It tests whether or not the language has cheap/easy concurrency. C only works at the system thread level, but the languages that beat it use built-in lightweight concurrency.
"At this writing Cheap Threads is beta software. I am releasing it without having yet used it in a real application, beyond the artificial drivers used for testing and development."
This is not a compelling alternative to what Erlang has to offer.
Supposing you do get cheap concurrency in place, you still have to implement the logic for your application, and you're going to do that in C. If you're writing something roughly as low-level as a kernel or a device driver, super. If it's a business application with rapidly changing requirements, good luck.
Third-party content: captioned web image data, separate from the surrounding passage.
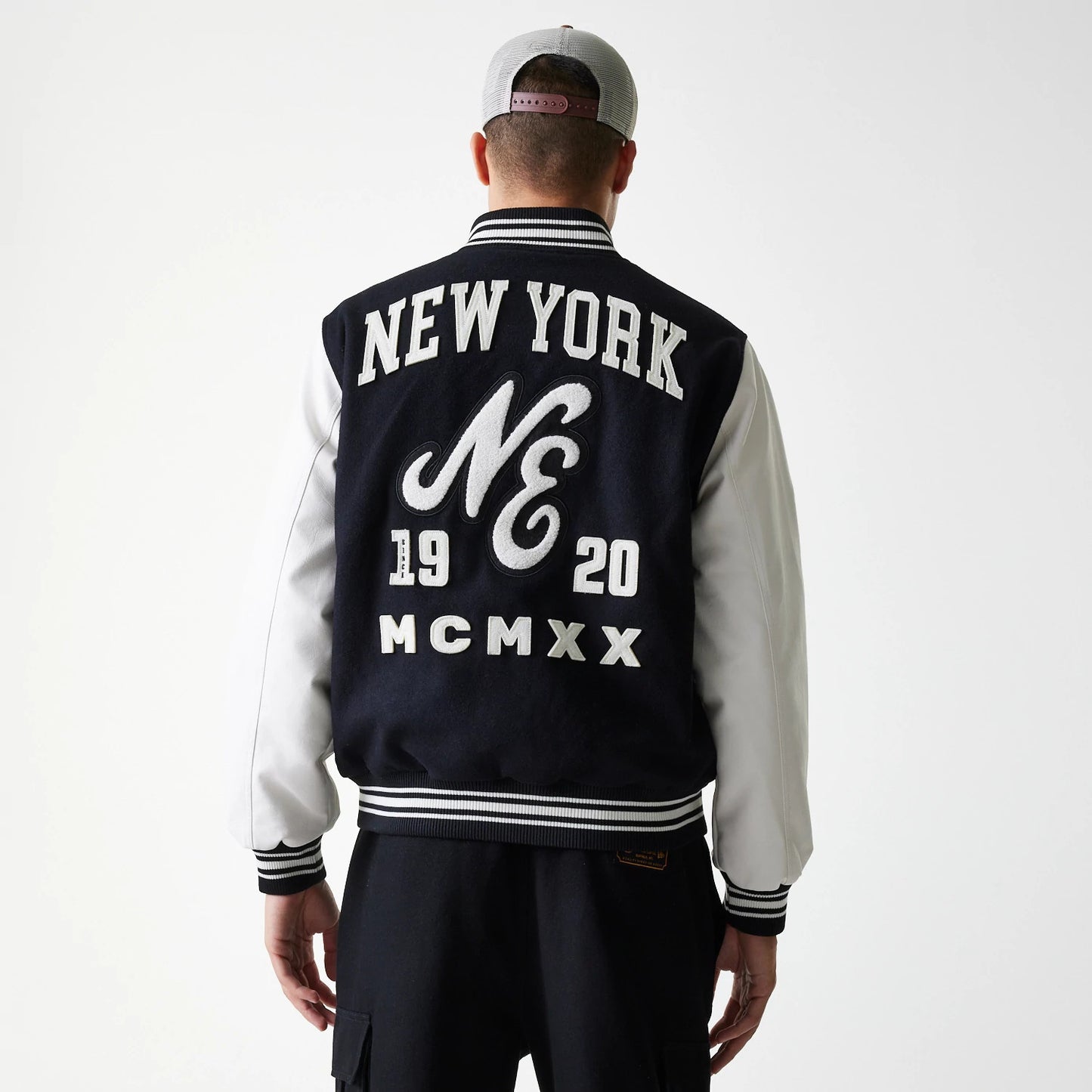The Male model is wearing New Era Patch Black Varsity Jacket 8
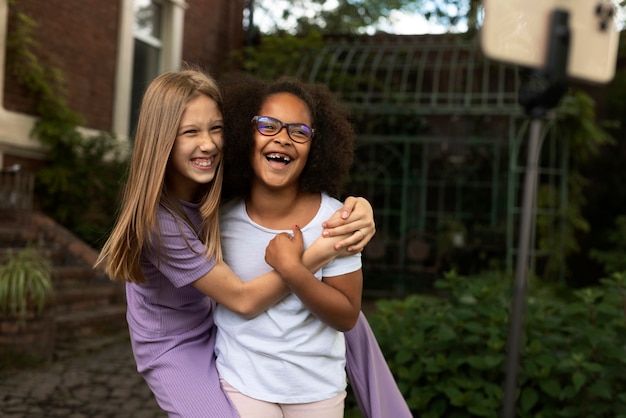 Medium shot smiley girls hugging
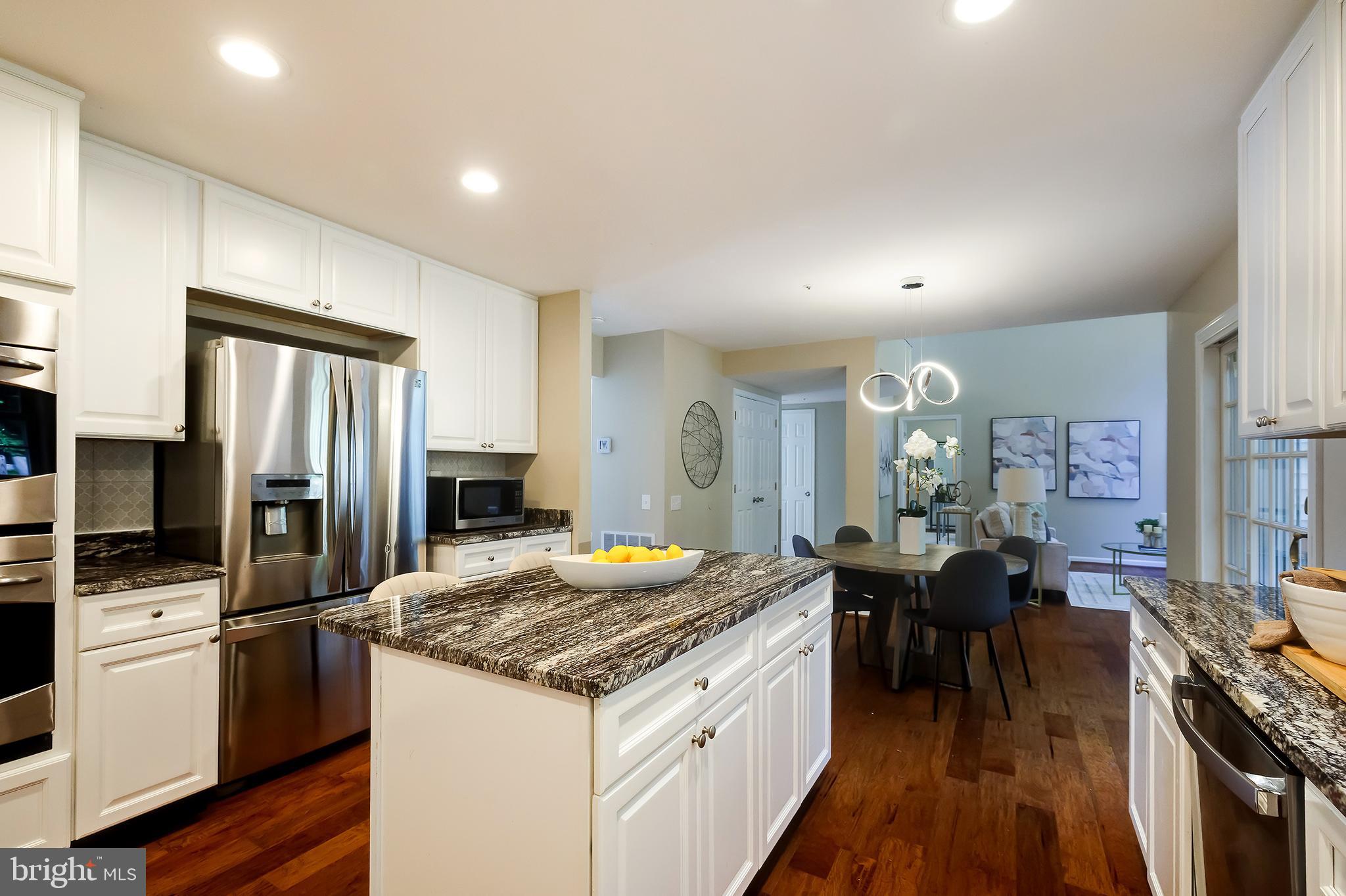 7428 Quail Ridge Lane Bowie, MD 20720 - Photo 27 of 87 a kitchen with granite countertop kitchen island wooden cabinets and stainless steel appliances
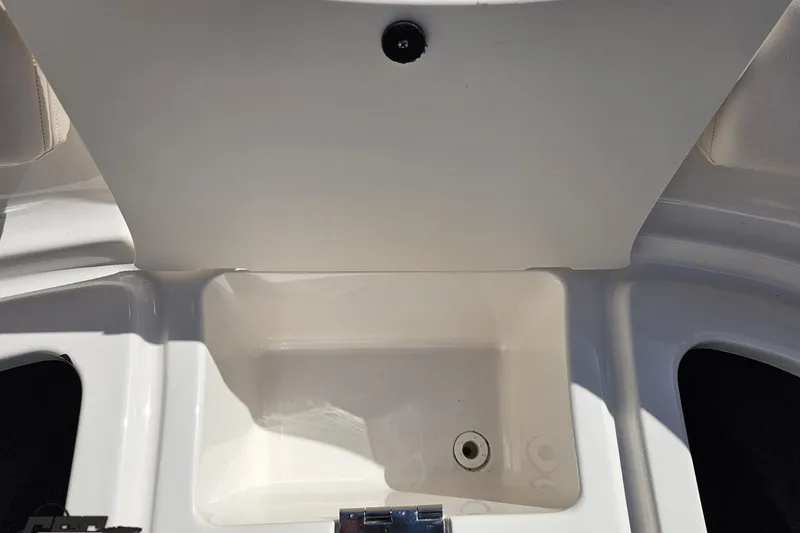 Slide: The Image of Storage compartment of a 2016 Chaparral 244 Sunesta boat, featuring a clean, white interior. - 99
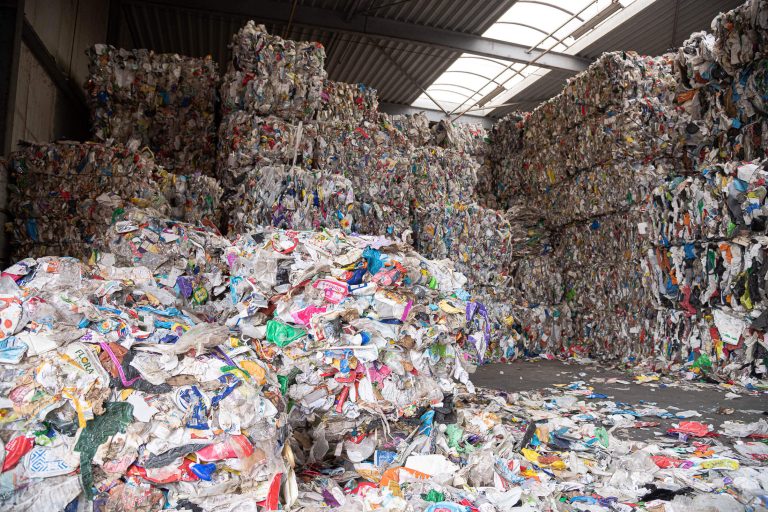 Bales of post-consumer plastics before shredding with a WEIMA shredder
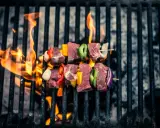 Brochetas de carne y verduras sobre parrilla de carbón, llamas naranjas. ¡Así se hace barbacoa carbón!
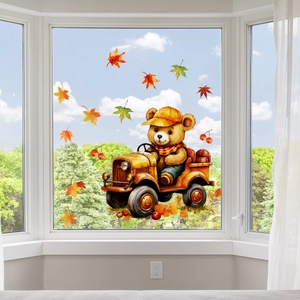 Autumn window decal featuring a cartoon bear driving a truck with maple leaves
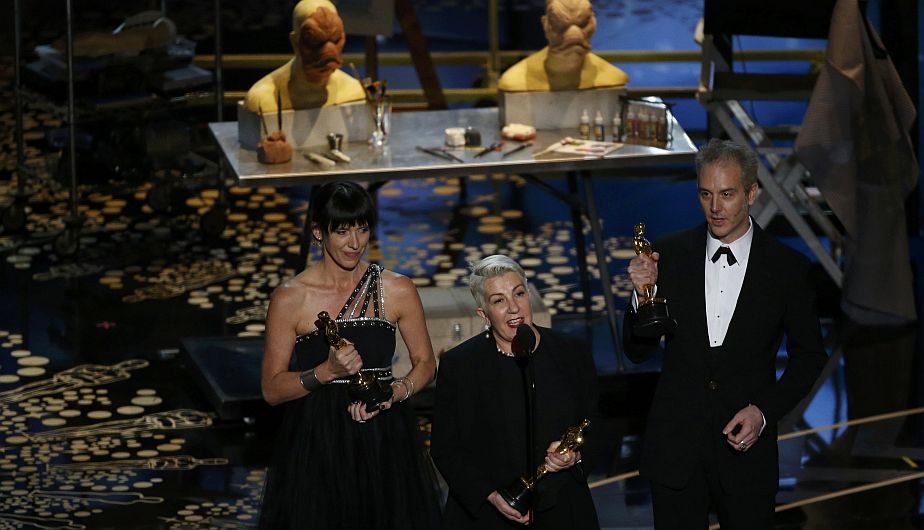 Elka Wardega (C) accepts the award for Best Makeup and Hair dressing for "Mad Max: Fury Road " with co-winners Lesley Vanderwalt (L) and Damian Martin at the 88th Academy Awards in Hollywood, California February 28, 2016. REUTERS/Mario Anzuoni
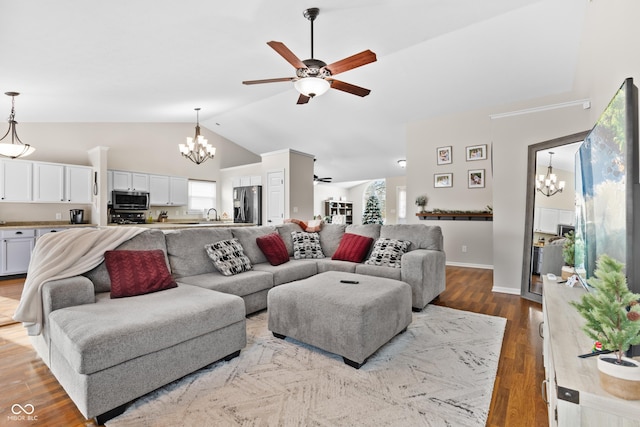 living room featuring lofted ceiling, light wood-type flooring, plenty of natural light, and ceiling fan with notable chandelier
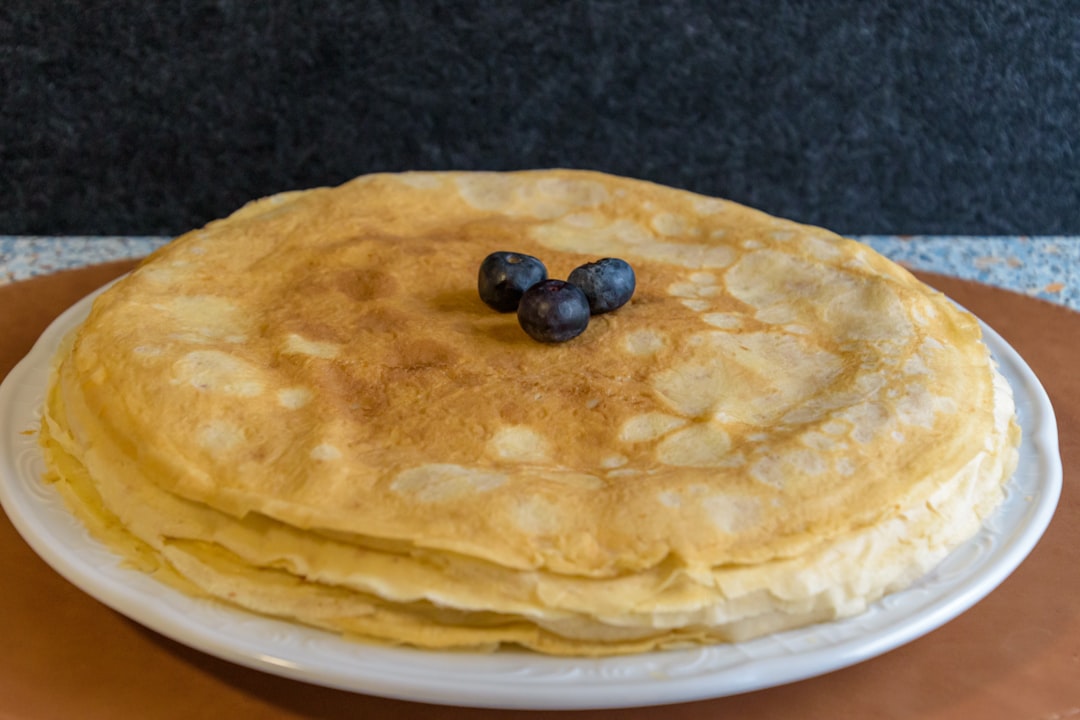 Stack of crepes topped with blueberries on a white plate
Well, now you're making a different argument. You've gone from "Erlang beats the crap out of C/C++ on a benchmark", to "Erlang beats the crap out of C/C++ in this particular circumstance, unless, of course, you happen to make a fair comparison to C/C++, but that would be hard, therefore Erlang is better."
What? It's not at all clear that you can reproduce Erlang's concurrency ability in C. Someone gave a link to an untested, unknown library that hasn't been tested in real situations hardly at all and that's supposed to be equivalent to 2 MLOC codebases with 99.9999999% uptime?
I was suggesting it to be fair. It has not yet been demonstrated because I have not seen any benchmarks to the contrary or anything approaching real data, and certainly no instances of this occurring in real production software.
Thus, the opportunity to make a fair comparison never arose, so you have some work to do before you say "thppt".
The point was it's easier to get correctness in languages like Erlang, irrespective of what speed is being achieved. Of course, if you're happy with buffer overflows and core dumps, more power to you.
It has been written _once_ in C. That does not mean that re-implementing it in C again would be a good idea or would get you the same set of benefits as the existing Erlang VM and its associated libraries. Just because one particular team has accomplished a task in C does not mean that any random collection of C coders have the skill or experience to do the same.
(A pedantic point perhaps, but the quote you reference said _reproduce_..._
It's not whether or not the language has cheap or easy concurrency, but the implementation. There's nothing inherent in C that dictates where threading works. These benchmarks just happen to use POSIX threads, which on a Linux system, happen to have a one-to-one mapping to kernel threads. In many circumstances, this is what people want. If they want something else, they can implement that, or use a pre-existing library.
What such optimizations are possible? One that comes to mind is transactional memory which is being implemented by Azul and Sun, but I don't know of any others.